Fion Wine Pub. Sandwiches, snacks and creative cheese flights (with more cafe-style choices at the Steiner Ranch location). But a better reason to go is a crowded tap wall with some 40 beer choices, available in four-glass flights. 11715 RM 2244, Suite 100, Bee Cave. 263-7988. Also in Steiner Ranch at 2900 N. Quinlan Park Road, Suite A150. 266-3466, www.fionwinepub.com.

Five Guys Famous Burgers and Fries. A celebrated franchise (just ask them) of great big bland burgers with unexpected free add-ons like A-1 steak sauce, green peppers and grilled mushrooms. Boisterously friendly and fast. 3208-B Guadalupe St. 452-4300, www.fiveguys.com. (Reviewed February 2009: 6.2 out of 10)

Flip Happy Crepes. The cool aunt of all mobile Austin crêpe operations isn't afraid to blast your fillings out with flavor, like with the garlicky kick of a crêpe stuffed with moist roasted chicken, goat cheese and sweet caramelized onions.

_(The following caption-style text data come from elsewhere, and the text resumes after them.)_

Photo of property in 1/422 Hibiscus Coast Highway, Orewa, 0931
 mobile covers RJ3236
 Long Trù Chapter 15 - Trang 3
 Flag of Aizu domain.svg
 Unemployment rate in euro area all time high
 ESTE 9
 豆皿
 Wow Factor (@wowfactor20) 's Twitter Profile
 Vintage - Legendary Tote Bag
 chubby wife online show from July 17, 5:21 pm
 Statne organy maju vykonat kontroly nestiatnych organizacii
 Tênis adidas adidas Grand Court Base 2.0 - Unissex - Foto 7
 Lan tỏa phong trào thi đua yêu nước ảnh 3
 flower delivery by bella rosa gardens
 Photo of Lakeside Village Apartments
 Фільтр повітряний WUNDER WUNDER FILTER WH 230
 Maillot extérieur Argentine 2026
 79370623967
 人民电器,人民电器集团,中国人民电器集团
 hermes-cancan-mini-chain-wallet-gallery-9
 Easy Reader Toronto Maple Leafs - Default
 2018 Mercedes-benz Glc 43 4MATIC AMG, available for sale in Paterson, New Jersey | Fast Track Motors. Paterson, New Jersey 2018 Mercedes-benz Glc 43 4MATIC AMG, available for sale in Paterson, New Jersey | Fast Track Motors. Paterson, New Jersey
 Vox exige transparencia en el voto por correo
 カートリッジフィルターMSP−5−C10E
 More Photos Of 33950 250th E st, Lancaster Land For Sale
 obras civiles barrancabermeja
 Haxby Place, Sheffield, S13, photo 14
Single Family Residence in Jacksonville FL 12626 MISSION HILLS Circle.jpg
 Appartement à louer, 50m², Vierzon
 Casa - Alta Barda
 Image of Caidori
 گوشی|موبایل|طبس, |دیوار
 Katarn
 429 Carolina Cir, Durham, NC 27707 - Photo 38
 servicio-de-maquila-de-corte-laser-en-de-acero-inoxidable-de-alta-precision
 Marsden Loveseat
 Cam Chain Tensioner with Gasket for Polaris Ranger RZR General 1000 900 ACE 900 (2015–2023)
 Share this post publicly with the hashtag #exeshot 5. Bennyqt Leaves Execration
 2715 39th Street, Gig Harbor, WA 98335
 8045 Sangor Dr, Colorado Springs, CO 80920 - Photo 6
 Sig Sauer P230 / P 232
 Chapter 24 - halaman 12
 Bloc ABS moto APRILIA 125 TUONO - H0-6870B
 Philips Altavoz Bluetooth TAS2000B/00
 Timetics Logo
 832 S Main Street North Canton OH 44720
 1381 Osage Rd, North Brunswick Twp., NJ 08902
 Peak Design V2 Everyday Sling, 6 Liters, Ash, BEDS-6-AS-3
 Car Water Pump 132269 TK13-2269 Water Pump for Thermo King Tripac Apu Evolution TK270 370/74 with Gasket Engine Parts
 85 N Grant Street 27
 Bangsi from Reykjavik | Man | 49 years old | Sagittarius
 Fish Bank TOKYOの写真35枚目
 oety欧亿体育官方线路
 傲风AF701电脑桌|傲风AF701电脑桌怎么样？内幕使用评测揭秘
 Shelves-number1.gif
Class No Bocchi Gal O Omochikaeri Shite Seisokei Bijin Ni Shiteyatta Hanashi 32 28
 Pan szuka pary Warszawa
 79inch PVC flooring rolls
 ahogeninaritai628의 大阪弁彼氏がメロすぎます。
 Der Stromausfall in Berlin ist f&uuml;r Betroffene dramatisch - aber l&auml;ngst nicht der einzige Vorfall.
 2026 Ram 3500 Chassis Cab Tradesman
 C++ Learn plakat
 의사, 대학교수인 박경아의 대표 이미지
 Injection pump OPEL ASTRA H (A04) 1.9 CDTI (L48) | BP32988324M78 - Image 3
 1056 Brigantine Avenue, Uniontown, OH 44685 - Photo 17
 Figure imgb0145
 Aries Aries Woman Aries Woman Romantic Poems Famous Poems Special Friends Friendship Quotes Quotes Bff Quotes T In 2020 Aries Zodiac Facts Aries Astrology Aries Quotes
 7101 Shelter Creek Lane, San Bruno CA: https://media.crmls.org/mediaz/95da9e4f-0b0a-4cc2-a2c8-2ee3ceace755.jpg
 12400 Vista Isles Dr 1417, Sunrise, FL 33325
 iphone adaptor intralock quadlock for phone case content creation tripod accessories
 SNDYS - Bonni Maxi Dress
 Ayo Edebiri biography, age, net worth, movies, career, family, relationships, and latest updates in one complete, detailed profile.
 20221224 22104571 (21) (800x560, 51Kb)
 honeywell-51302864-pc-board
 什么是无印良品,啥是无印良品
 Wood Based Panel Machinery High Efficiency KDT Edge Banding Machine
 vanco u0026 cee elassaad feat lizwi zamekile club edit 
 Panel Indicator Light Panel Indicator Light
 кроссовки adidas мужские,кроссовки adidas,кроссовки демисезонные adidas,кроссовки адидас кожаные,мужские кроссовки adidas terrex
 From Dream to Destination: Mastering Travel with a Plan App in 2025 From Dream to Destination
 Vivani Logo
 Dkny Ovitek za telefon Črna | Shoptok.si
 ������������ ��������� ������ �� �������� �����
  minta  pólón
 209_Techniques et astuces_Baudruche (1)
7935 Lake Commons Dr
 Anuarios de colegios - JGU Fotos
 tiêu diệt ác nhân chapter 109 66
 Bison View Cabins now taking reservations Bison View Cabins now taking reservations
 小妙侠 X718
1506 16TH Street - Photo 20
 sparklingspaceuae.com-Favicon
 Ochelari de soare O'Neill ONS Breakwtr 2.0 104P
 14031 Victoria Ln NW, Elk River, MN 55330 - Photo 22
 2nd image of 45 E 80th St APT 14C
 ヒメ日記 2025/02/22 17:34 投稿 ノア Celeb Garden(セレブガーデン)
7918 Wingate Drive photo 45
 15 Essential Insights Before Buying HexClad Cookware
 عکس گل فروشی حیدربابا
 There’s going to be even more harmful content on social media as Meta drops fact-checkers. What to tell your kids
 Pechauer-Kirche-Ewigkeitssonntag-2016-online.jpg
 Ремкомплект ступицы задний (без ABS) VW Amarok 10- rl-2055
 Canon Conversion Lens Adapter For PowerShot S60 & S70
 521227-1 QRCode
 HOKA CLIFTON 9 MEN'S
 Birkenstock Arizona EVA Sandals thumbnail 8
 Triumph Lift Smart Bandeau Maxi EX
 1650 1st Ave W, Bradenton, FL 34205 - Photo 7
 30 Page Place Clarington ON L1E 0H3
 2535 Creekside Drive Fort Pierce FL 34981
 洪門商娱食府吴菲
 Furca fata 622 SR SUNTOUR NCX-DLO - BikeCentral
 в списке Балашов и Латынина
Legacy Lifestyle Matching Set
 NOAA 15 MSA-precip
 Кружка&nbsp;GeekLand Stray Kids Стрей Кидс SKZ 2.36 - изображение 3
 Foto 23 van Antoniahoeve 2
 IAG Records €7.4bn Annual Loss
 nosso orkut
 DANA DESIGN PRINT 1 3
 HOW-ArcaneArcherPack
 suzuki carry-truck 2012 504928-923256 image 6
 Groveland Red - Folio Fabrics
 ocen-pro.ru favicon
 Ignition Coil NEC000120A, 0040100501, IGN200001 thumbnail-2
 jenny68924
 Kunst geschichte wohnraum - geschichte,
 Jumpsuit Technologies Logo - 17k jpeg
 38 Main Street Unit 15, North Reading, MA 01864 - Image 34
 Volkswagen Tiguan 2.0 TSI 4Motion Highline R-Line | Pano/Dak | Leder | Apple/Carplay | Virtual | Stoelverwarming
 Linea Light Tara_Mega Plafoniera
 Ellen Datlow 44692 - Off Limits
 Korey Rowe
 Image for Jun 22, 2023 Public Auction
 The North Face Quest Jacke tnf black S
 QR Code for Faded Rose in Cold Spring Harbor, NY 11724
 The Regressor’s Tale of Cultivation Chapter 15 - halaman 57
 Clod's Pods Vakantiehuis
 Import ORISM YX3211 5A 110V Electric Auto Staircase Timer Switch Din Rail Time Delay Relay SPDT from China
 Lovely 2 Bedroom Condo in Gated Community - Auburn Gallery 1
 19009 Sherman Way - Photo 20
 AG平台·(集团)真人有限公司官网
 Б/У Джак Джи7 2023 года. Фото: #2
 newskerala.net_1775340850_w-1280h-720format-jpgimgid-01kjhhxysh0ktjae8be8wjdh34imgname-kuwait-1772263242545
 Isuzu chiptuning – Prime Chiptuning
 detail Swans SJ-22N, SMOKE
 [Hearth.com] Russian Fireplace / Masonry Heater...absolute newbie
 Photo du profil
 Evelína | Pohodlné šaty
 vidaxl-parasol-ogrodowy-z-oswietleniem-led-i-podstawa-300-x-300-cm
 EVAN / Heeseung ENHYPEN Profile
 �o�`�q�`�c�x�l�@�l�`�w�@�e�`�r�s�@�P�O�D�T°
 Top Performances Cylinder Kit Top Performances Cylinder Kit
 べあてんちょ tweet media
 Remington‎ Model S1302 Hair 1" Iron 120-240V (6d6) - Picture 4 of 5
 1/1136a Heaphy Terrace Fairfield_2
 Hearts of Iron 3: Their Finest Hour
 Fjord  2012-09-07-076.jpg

Be prepared to wait. 401 Jessie St. 552-9034, www.fliphappycrepes.com. (Reviewed January 2009: 7.9 out of 10)

Fortune Chinese Seafood.The front part is a restrained Chinese bistro with a teapot display and red upholstery; the back part is a bright banquet facility the size of a soccer pitch. The menu offers several hundred dishes, from real Chinese and pan-Asian to Americanized styles and dim sum. 10901 N. Lamar Blvd. 490-1426, www.fortuneaustin.com.

Frank. For a restaurant that serves rabbit-and-antelope hot dogs and bacon-infused bourbon, Frank is more laid-back than you'd expect. The Beanie-Weenie cup is a good value, and the Chicago dog does its best to emulate the real thing, down to the sport peppers and iridescent relish. 407 Colorado St. 494-6916, www.hotdogscoldbeer.com.

Fricano's Deli. A neighborhood shop near the UT campus with a lived-in feel and a spicy Reuben sandwich on smooth panini-pressed rye bread with housemade Rocket sauce that draws from mustard, mayo and Tabasco. Homemade cupcakes, too. 104 E. 31st St. 482-9980, www.fricanosdeli.com.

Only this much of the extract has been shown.